- [Exercise details]: I'd like every entry transcribed word for word, with no pictures.
**** Records to use
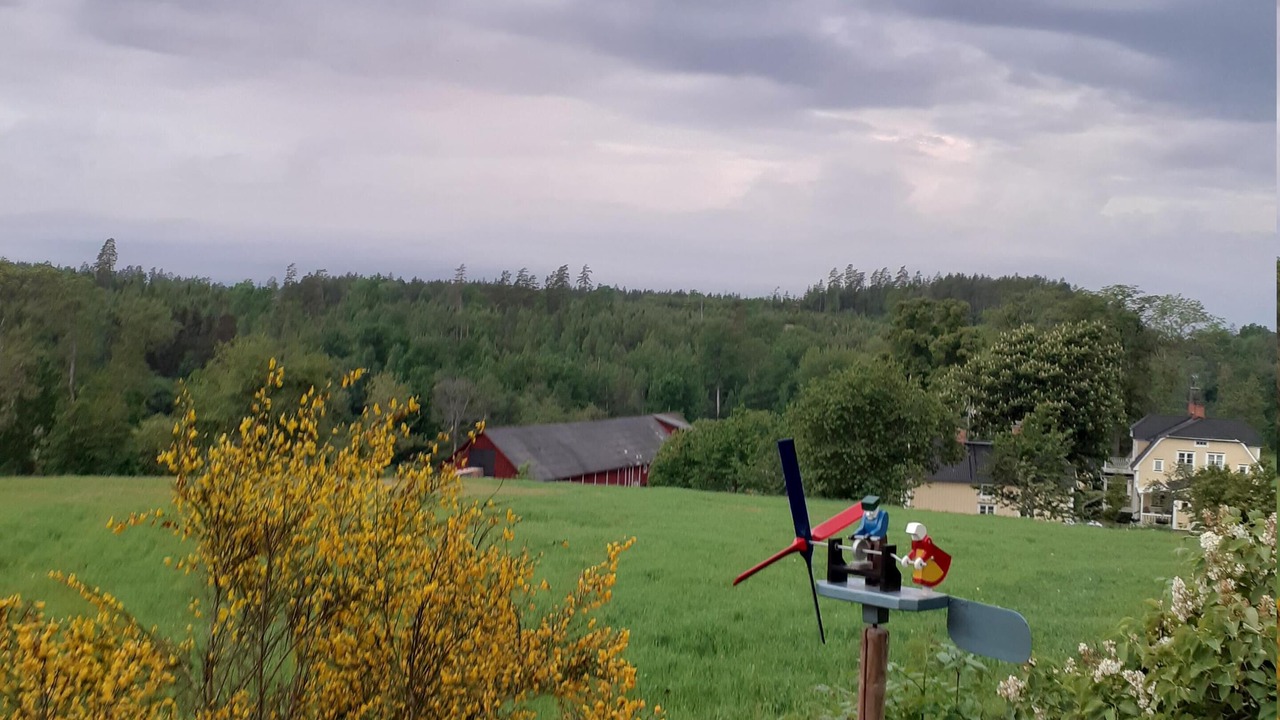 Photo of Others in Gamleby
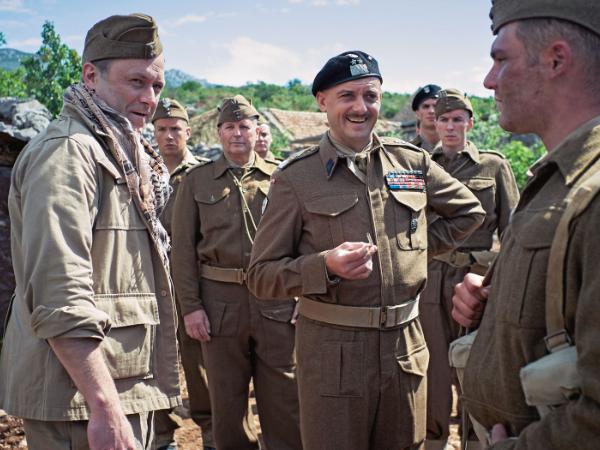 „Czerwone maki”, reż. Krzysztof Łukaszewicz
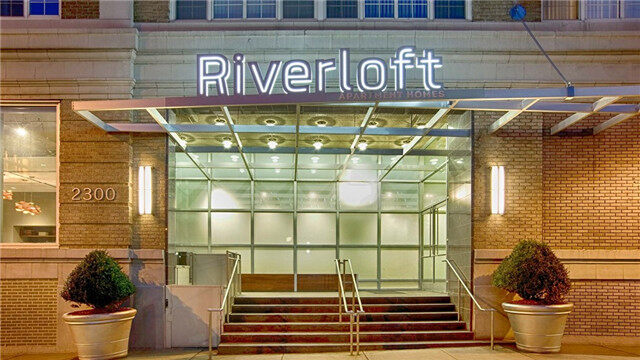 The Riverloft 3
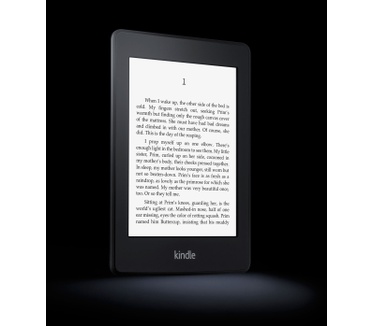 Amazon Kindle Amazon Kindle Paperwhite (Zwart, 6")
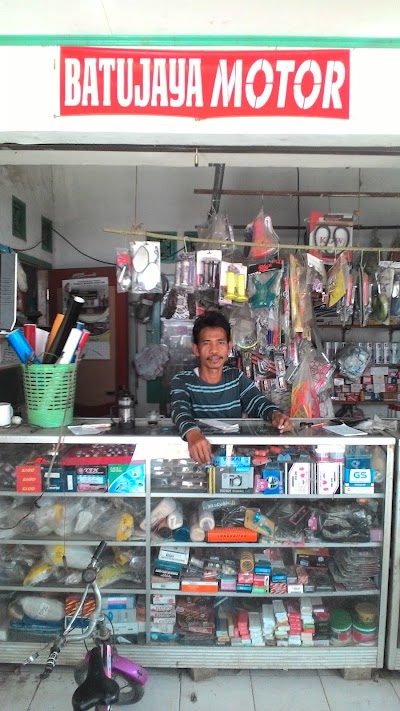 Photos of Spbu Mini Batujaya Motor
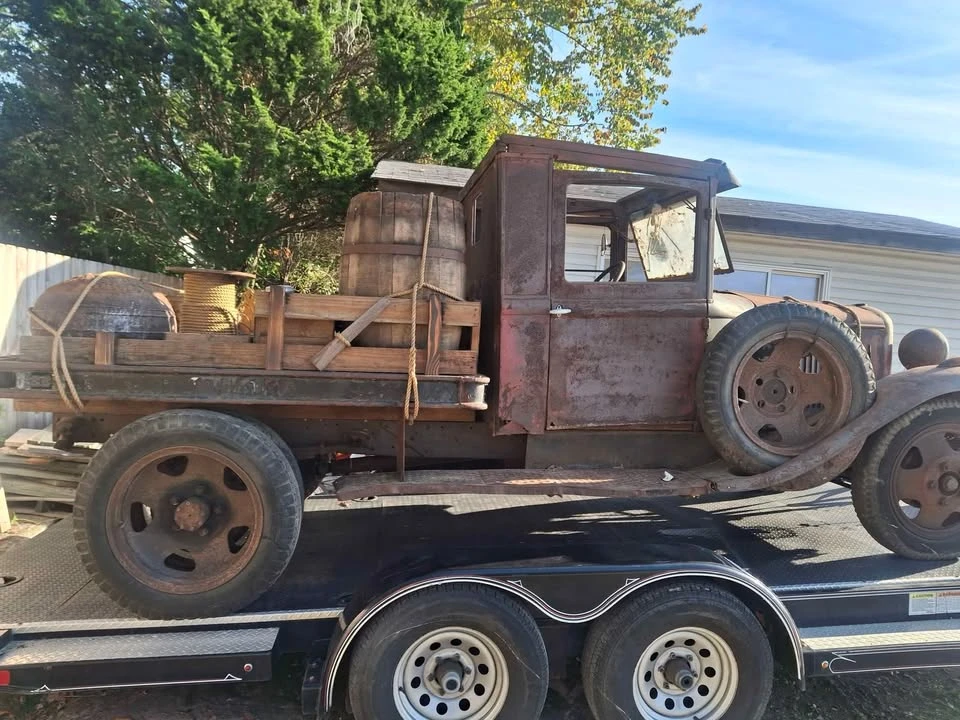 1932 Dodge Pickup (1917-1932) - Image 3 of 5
********
- [Response below]:
 Photo of Others in Gamleby
 „Czerwone maki”, reż. Krzysztof Łukaszewicz
 The Riverloft 3
 Amazon Kindle Amazon Kindle Paperwhite (Zwart, 6")
 Photos of Spbu Mini Batujaya Motor
 1932 Dodge Pickup (1917-1932) - Image 3 of 5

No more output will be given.